*Required work*:
Could you print every record below exactly as it appears?

*Provided data*:
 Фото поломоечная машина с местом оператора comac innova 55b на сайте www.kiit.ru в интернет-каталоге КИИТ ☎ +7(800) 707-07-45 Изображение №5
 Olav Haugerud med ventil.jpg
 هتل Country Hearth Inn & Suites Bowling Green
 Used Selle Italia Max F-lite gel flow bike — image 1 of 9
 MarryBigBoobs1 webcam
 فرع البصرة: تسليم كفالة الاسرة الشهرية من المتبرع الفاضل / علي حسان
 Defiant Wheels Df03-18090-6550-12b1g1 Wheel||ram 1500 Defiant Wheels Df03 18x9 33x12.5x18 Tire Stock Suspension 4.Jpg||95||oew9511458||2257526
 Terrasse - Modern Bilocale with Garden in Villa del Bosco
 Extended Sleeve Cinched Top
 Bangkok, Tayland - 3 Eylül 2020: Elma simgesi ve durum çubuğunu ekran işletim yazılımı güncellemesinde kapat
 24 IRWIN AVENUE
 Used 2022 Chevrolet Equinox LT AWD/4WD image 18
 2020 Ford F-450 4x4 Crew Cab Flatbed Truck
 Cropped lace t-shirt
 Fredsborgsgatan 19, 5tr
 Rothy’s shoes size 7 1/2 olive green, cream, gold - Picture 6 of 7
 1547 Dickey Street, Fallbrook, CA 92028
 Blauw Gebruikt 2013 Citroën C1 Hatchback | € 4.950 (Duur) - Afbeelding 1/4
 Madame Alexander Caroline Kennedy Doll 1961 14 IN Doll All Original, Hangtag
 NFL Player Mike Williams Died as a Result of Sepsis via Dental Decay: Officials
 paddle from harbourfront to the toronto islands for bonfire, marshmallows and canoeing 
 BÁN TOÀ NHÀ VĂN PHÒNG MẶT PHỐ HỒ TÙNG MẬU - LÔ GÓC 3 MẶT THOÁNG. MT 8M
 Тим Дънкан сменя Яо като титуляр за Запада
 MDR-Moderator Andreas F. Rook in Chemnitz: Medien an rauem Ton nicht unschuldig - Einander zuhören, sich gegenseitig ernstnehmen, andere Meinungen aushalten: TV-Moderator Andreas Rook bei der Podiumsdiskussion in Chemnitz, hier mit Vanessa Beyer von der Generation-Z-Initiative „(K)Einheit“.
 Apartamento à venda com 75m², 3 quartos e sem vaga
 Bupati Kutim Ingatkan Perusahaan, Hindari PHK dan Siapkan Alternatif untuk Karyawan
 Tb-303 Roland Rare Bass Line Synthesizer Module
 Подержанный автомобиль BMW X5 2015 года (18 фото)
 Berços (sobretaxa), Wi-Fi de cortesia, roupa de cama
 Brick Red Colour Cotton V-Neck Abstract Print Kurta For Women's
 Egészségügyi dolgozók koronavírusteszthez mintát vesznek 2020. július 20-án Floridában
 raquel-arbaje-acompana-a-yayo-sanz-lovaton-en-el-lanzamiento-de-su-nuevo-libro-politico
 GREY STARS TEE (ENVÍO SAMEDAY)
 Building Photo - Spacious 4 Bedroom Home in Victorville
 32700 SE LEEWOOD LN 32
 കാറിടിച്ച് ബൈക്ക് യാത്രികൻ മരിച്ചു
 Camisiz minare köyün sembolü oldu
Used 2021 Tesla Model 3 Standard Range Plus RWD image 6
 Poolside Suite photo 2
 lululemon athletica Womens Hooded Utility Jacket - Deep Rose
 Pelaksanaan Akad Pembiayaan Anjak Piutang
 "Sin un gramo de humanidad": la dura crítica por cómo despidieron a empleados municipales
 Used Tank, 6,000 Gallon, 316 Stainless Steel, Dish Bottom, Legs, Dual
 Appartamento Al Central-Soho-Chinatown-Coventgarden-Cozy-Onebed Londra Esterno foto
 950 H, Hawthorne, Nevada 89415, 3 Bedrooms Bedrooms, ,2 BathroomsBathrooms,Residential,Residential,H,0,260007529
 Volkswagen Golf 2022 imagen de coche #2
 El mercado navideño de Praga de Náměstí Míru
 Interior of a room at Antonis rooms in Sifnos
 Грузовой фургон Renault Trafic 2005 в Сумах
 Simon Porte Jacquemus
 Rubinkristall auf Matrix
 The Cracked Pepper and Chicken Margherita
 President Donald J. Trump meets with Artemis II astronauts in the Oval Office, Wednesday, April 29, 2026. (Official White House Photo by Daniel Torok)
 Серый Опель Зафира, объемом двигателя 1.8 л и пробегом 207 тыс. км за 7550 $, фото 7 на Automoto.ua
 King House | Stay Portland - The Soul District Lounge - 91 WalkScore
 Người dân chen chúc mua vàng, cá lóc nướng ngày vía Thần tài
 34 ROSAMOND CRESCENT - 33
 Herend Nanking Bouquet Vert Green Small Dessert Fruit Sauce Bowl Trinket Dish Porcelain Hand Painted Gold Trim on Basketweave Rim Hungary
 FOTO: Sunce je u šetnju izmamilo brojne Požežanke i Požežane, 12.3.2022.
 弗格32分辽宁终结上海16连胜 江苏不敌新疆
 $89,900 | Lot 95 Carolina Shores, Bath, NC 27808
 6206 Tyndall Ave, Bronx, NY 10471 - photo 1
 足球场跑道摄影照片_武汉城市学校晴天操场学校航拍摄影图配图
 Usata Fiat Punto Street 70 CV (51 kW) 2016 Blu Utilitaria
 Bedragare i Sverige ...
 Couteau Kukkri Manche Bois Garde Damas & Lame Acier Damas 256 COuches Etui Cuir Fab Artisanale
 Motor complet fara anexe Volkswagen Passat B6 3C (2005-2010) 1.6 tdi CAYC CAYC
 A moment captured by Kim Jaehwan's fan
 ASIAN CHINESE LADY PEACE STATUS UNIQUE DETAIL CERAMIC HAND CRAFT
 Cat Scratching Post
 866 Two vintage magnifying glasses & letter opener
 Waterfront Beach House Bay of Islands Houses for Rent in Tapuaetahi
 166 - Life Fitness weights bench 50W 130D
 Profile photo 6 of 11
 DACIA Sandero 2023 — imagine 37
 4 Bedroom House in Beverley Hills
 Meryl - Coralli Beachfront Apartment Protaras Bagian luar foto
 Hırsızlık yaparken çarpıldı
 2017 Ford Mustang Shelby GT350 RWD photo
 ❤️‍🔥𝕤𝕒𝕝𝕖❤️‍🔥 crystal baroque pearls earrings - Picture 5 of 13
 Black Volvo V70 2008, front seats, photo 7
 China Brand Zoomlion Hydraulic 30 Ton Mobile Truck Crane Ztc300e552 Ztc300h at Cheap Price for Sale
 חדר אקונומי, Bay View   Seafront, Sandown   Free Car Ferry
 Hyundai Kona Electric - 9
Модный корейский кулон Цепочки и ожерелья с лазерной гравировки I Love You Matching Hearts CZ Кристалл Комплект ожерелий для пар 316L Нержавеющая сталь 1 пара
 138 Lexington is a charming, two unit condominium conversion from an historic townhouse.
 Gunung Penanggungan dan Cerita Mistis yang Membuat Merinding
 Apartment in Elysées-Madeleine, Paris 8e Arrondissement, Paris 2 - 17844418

*Result*:
 Фото поломоечная машина с местом оператора comac innova 55b на сайте www.kiit.ru в интернет-каталоге КИИТ ☎ +7(800) 707-07-45 Изображение №5
 Olav Haugerud med ventil.jpg
 هتل Country Hearth Inn & Suites Bowling Green
 Used Selle Italia Max F-lite gel flow bike — image 1 of 9
 MarryBigBoobs1 webcam
 فرع البصرة: تسليم كفالة الاسرة الشهرية من المتبرع الفاضل / علي حسان
 Defiant Wheels Df03-18090-6550-12b1g1 Wheel||ram 1500 Defiant Wheels Df03 18x9 33x12.5x18 Tire Stock Suspension 4.Jpg||95||oew9511458||2257526
 Terrasse - Modern Bilocale with Garden in Villa del Bosco
 Extended Sleeve Cinched Top
 Bangkok, Tayland - 3 Eylül 2020: Elma simgesi ve durum çubuğunu ekran işletim yazılımı güncellemesinde kapat
 24 IRWIN AVENUE
 Used 2022 Chevrolet Equinox LT AWD/4WD image 18
 2020 Ford F-450 4x4 Crew Cab Flatbed Truck
 Cropped lace t-shirt
 Fredsborgsgatan 19, 5tr
 Rothy’s shoes size 7 1/2 olive green, cream, gold - Picture 6 of 7
 1547 Dickey Street, Fallbrook, CA 92028
 Blauw Gebruikt 2013 Citroën C1 Hatchback | € 4.950 (Duur) - Afbeelding 1/4
 Madame Alexander Caroline Kennedy Doll 1961 14 IN Doll All Original, Hangtag
 NFL Player Mike Williams Died as a Result of Sepsis via Dental Decay: Officials
 paddle from harbourfront to the toronto islands for bonfire, marshmallows and canoeing 
 BÁN TOÀ NHÀ VĂN PHÒNG MẶT PHỐ HỒ TÙNG MẬU - LÔ GÓC 3 MẶT THOÁNG. MT 8M
 Тим Дънкан сменя Яо като титуляр за Запада
 MDR-Moderator Andreas F. Rook in Chemnitz: Medien an rauem Ton nicht unschuldig - Einander zuhören, sich gegenseitig ernstnehmen, andere Meinungen aushalten: TV-Moderator Andreas Rook bei der Podiumsdiskussion in Chemnitz, hier mit Vanessa Beyer von der Generation-Z-Initiative „(K)Einheit“.
 Apartamento à venda com 75m², 3 quartos e sem vaga
 Bupati Kutim Ingatkan Perusahaan, Hindari PHK dan Siapkan Alternatif untuk Karyawan
 Tb-303 Roland Rare Bass Line Synthesizer Module
 Подержанный автомобиль BMW X5 2015 года (18 фото)
 Berços (sobretaxa), Wi-Fi de cortesia, roupa de cama
 Brick Red Colour Cotton V-Neck Abstract Print Kurta For Women's
 Egészségügyi dolgozók koronavírusteszthez mintát vesznek 2020. július 20-án Floridában
 raquel-arbaje-acompana-a-yayo-sanz-lovaton-en-el-lanzamiento-de-su-nuevo-libro-politico
 GREY STARS TEE (ENVÍO SAMEDAY)
 Building Photo - Spacious 4 Bedroom Home in Victorville
 32700 SE LEEWOOD LN 32
 കാറിടിച്ച് ബൈക്ക് യാത്രികൻ മരിച്ചു
 Camisiz minare köyün sembolü oldu
Used 2021 Tesla Model 3 Standard Range Plus RWD image 6
 Poolside Suite photo 2
 lululemon athletica Womens Hooded Utility Jacket - Deep Rose
 Pelaksanaan Akad Pembiayaan Anjak Piutang
 "Sin un gramo de humanidad": la dura crítica por cómo despidieron a empleados municipales
 Used Tank, 6,000 Gallon, 316 Stainless Steel, Dish Bottom, Legs, Dual
 Appartamento Al Central-Soho-Chinatown-Coventgarden-Cozy-Onebed Londra Esterno foto
 950 H, Hawthorne, Nevada 89415, 3 Bedrooms Bedrooms, ,2 BathroomsBathrooms,Residential,Residential,H,0,260007529
 Volkswagen Golf 2022 imagen de coche #2
 El mercado navideño de Praga de Náměstí Míru
 Interior of a room at Antonis rooms in Sifnos
 Грузовой фургон Renault Trafic 2005 в Сумах
 Simon Porte Jacquemus
 Rubinkristall auf Matrix
 The Cracked Pepper and Chicken Margherita
 President Donald J. Trump meets with Artemis II astronauts in the Oval Office, Wednesday, April 29, 2026. (Official White House Photo by Daniel Torok)
 Серый Опель Зафира, объемом двигателя 1.8 л и пробегом 207 тыс. км за 7550 $, фото 7 на Automoto.ua
 King House | Stay Portland - The Soul District Lounge - 91 WalkScore
 Người dân chen chúc mua vàng, cá lóc nướng ngày vía Thần tài
 34 ROSAMOND CRESCENT - 33
 Herend Nanking Bouquet Vert Green Small Dessert Fruit Sauce Bowl Trinket Dish Porcelain Hand Painted Gold Trim on Basketweave Rim Hungary
 FOTO: Sunce je u šetnju izmamilo brojne Požežanke i Požežane, 12.3.2022.
 弗格32分辽宁终结上海16连胜 江苏不敌新疆
 $89,900 | Lot 95 Carolina Shores, Bath, NC 27808
 6206 Tyndall Ave, Bronx, NY 10471 - photo 1
 足球场跑道摄影照片_武汉城市学校晴天操场学校航拍摄影图配图
 Usata Fiat Punto Street 70 CV (51 kW) 2016 Blu Utilitaria
 Bedragare i Sverige ...
 Couteau Kukkri Manche Bois Garde Damas & Lame Acier Damas 256 COuches Etui Cuir Fab Artisanale
 Motor complet fara anexe Volkswagen Passat B6 3C (2005-2010) 1.6 tdi CAYC CAYC
 A moment captured by Kim Jaehwan's fan
 ASIAN CHINESE LADY PEACE STATUS UNIQUE DETAIL CERAMIC HAND CRAFT
 Cat Scratching Post
 866 Two vintage magnifying glasses & letter opener
 Waterfront Beach House Bay of Islands Houses for Rent in Tapuaetahi
 166 - Life Fitness weights bench 50W 130D
 Profile photo 6 of 11
 DACIA Sandero 2023 — imagine 37
 4 Bedroom House in Beverley Hills
 Meryl - Coralli Beachfront Apartment Protaras Bagian luar foto
 Hırsızlık yaparken çarpıldı
 2017 Ford Mustang Shelby GT350 RWD photo
 ❤️‍🔥𝕤𝕒𝕝𝕖❤️‍🔥 crystal baroque pearls earrings - Picture 5 of 13
 Black Volvo V70 2008, front seats, photo 7
 China Brand Zoomlion Hydraulic 30 Ton Mobile Truck Crane Ztc300e552 Ztc300h at Cheap Price for Sale
 חדר אקונומי, Bay View   Seafront, Sandown   Free Car Ferry
 Hyundai Kona Electric - 9
Модный корейский кулон Цепочки и ожерелья с лазерной гравировки I Love You Matching Hearts CZ Кристалл Комплект ожерелий для пар 316L Нержавеющая сталь 1 пара
 138 Lexington is a charming, two unit condominium conversion from an historic townhouse.
 Gunung Penanggungan dan Cerita Mistis yang Membuat Merinding
 Apartment in Elysées-Madeleine, Paris 8e Arrondissement, Paris 2 - 17844418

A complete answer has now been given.